▶ **DATA IN THIS EXERCISE**
_ _ _ _ _ _ _
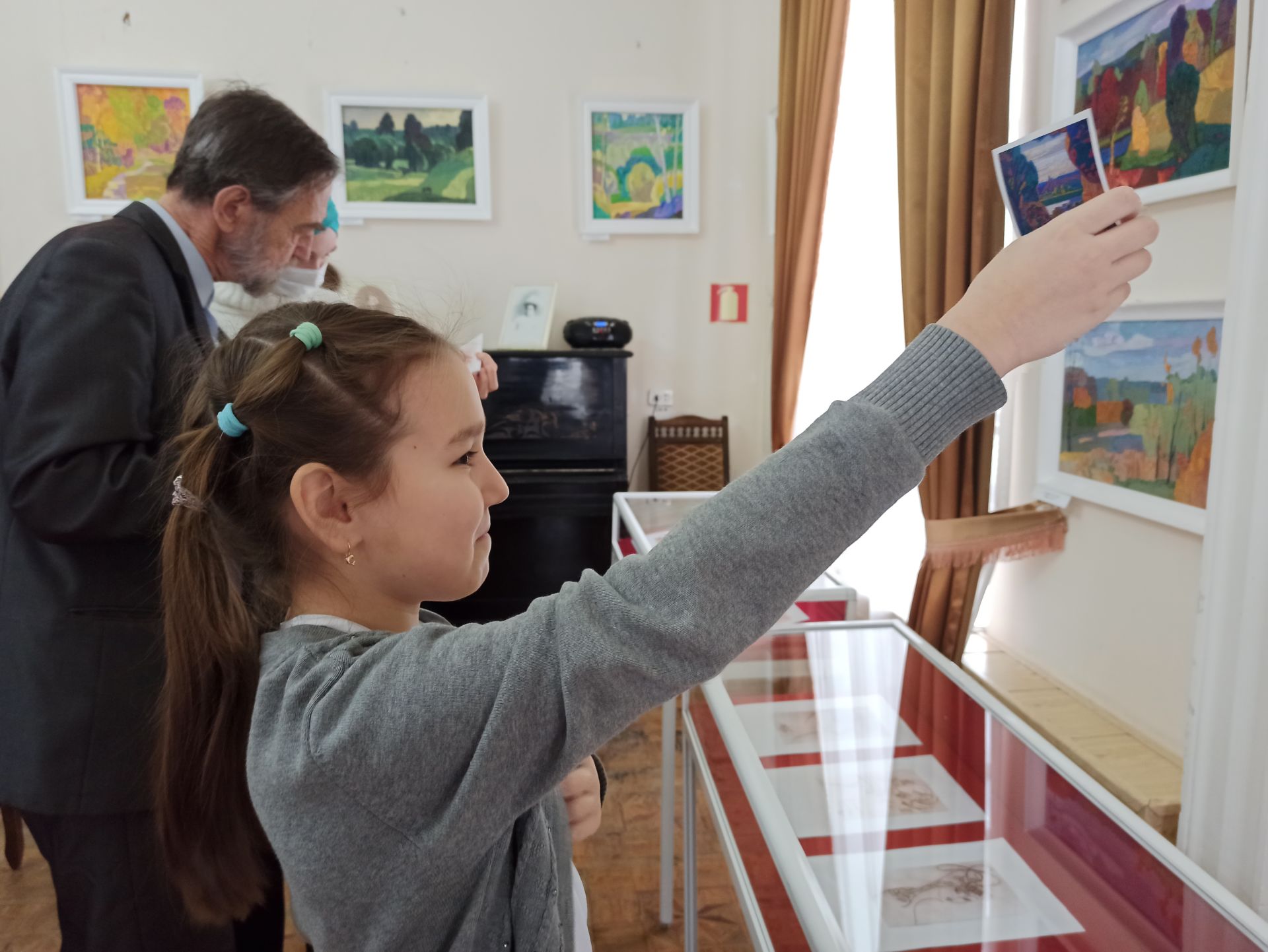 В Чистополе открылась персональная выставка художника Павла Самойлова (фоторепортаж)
_ _ _ _ _ _ _
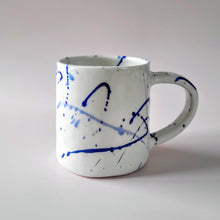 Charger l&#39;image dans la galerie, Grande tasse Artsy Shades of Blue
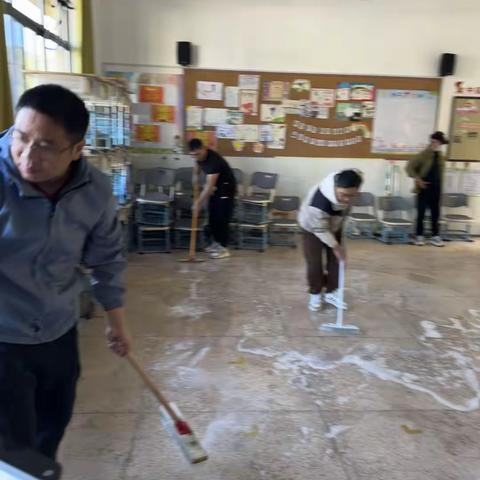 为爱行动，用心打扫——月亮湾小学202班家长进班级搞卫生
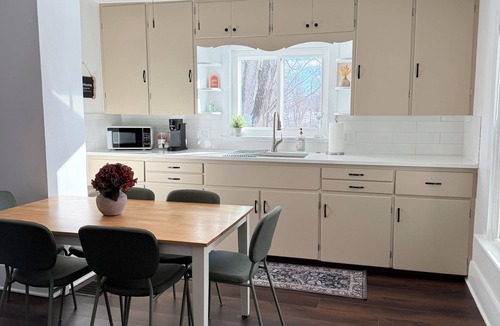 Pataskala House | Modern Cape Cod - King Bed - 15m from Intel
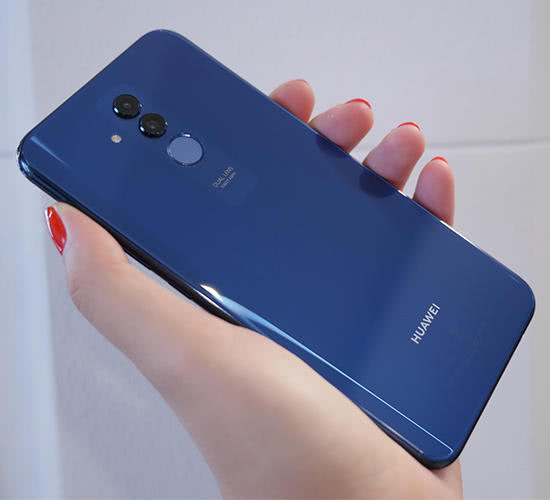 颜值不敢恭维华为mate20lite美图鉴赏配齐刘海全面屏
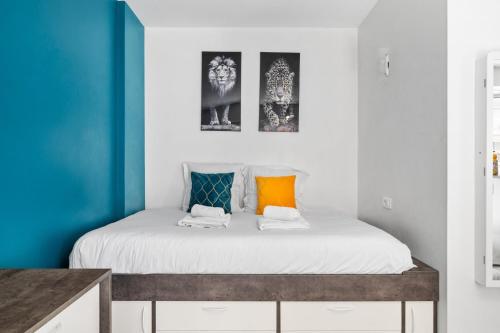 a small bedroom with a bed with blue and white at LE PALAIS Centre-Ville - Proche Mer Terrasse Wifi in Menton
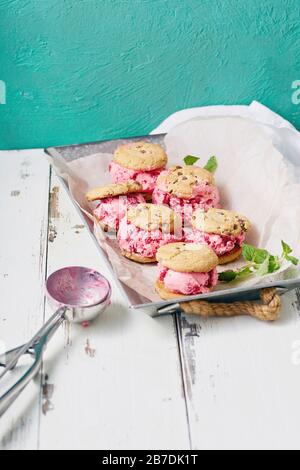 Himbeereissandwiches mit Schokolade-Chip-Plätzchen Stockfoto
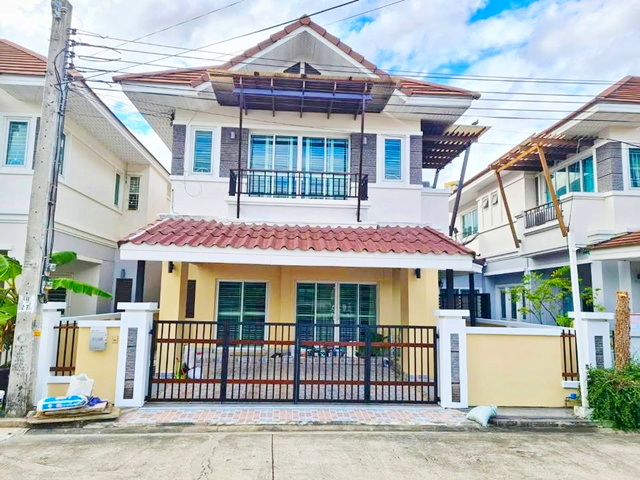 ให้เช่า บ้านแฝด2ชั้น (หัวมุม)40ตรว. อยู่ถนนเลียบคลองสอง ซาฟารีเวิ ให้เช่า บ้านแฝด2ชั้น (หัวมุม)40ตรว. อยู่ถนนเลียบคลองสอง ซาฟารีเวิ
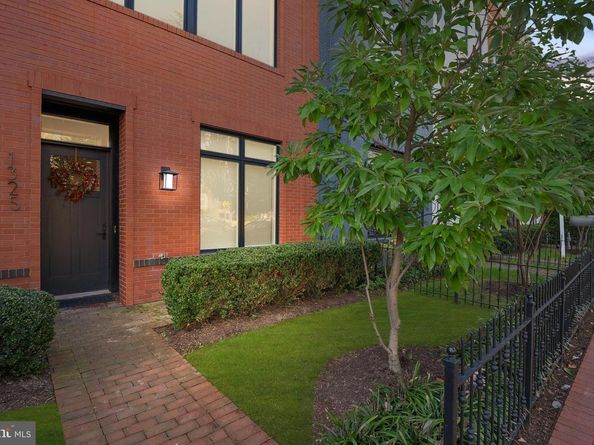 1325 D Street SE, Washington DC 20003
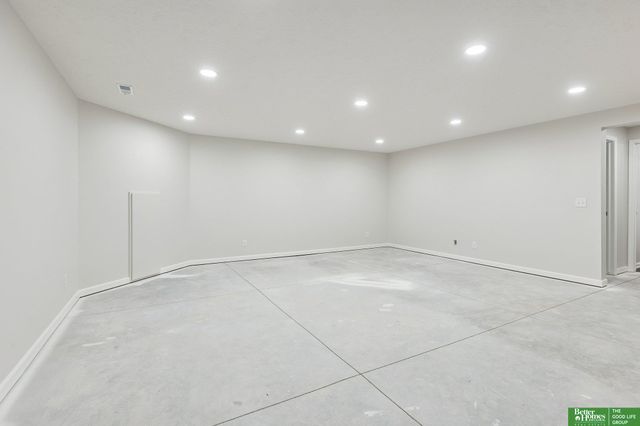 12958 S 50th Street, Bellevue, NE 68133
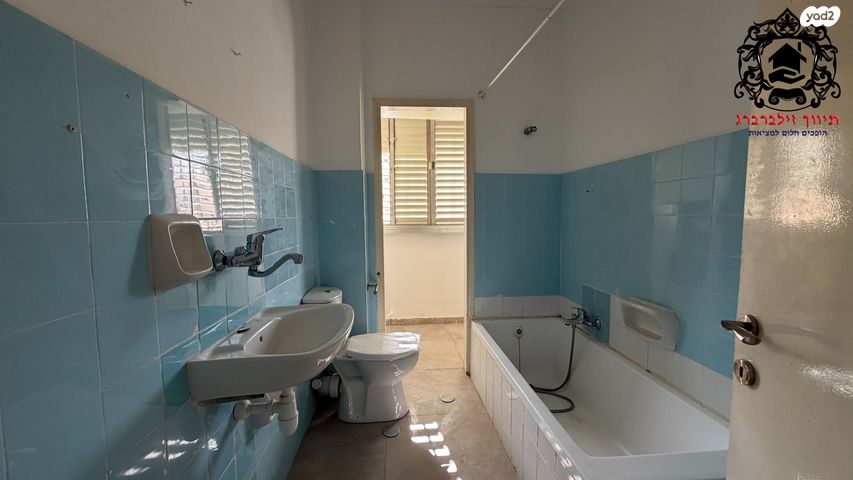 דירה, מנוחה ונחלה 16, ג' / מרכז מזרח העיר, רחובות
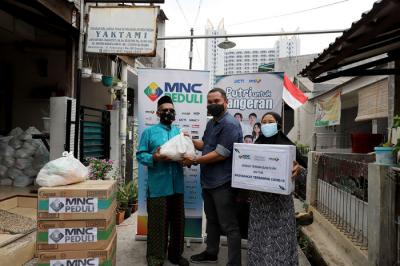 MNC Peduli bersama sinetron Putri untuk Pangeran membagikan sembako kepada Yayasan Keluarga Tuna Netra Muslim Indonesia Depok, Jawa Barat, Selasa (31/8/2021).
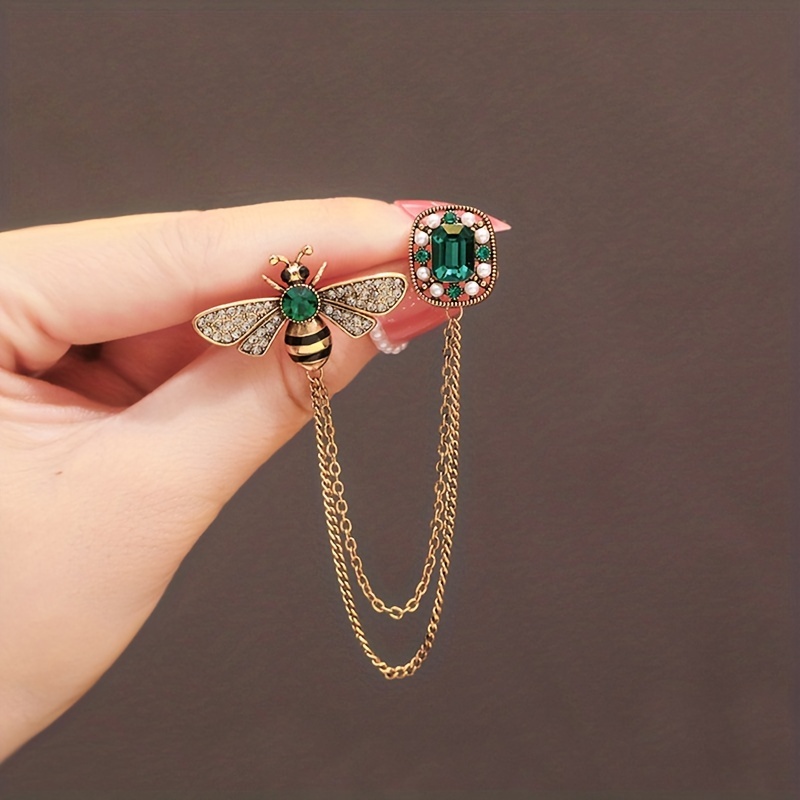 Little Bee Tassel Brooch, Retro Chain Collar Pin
_ _ _ _ _ _ _
▶ **HOW TO COMPLETE THIS TASK**
From the listing above, repeat only the lines between the line containing "1325 D Street SE, Washington DC 20003" and the line containing "Little Bee Tassel", those two included. Pictures are not part of the copy.

▶ **SOLUTION FOR THIS EXERCISE**
 1325 D Street SE, Washington DC 20003
 12958 S 50th Street, Bellevue, NE 68133
 דירה, מנוחה ונחלה 16, ג' / מרכז מזרח העיר, רחובות
 MNC Peduli bersama sinetron Putri untuk Pangeran membagikan sembako kepada Yayasan Keluarga Tuna Netra Muslim Indonesia Depok, Jawa Barat, Selasa (31/8/2021).
 Little Bee Tassel Brooch, Retro Chain Collar Pin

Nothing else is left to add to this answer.